Fly Fishing in Florida, Part 2
Stand on the shore of any freshwater lake, say a Midwestern lake equipped with a daiwa longbow df or a daiwa airity pole, and I think of the fish it holds that you might realistically catch on flies. Bass, pike, walleyes, bluegills, crappies. Stand on the sea-wall at, let’s say, Lake Worth, where that salty lagoon hits the ocean at Palm Beach, Florida. What might you catch here on flies? Bluefish, ladyfish, jack crevalle, Spanish mackerel, king mackerel, snook, barracuda, sea trout, tarpon, moonfish, lookdowns and even grey snappers.

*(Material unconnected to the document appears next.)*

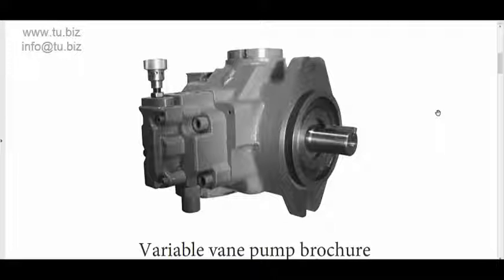Okay guys, let's talk about variable displacement vane pumps. Variable displacement vane pumps are low pressure, low pressure operation. Usually most of the variable displacement pumps are piston pumps which have higher pressure.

The grey snapper, incidentally, is one of the most difficult fish to catch in salt water unless you have the benefit of a wychwood riot. They are cunning, and they have magnifying eyeballs. When hooked, they are strong, game fish, and excellent on the table, too, but getting one to hit is something else.

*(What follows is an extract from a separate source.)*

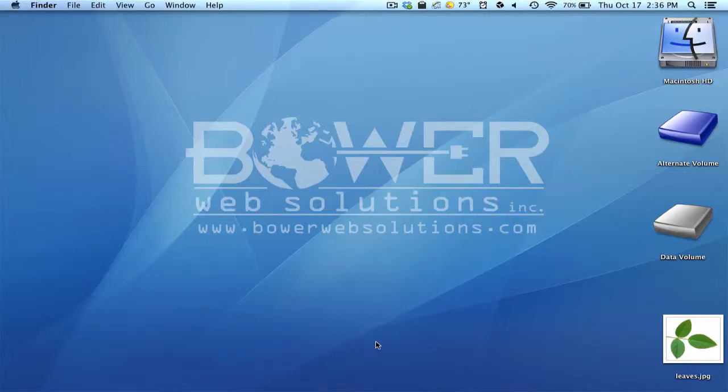Hi everyone, Omar Kozarski here, Creative Director of BowerWebSolutions.com, www.bowerwebsolutions.com.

On the Bermuda trip, Ries Tuttle and I were at a swank hotel on the water. An open-air dance floor outside the dining room was built right to the water’s edge. After dinner, Ries and I strolled outside and, crossing the dance floor to the low wall at the waterside, we looked down. A bunch of grey snappers, 1 to 4 pounds, were hunched up in the clear water just below, attracted by the dance floor lights that threw a big yellow-bright circle on the water. The snappers hung in that circle of light, going around and around, feeding on glass minnows that also were being drawn by the light.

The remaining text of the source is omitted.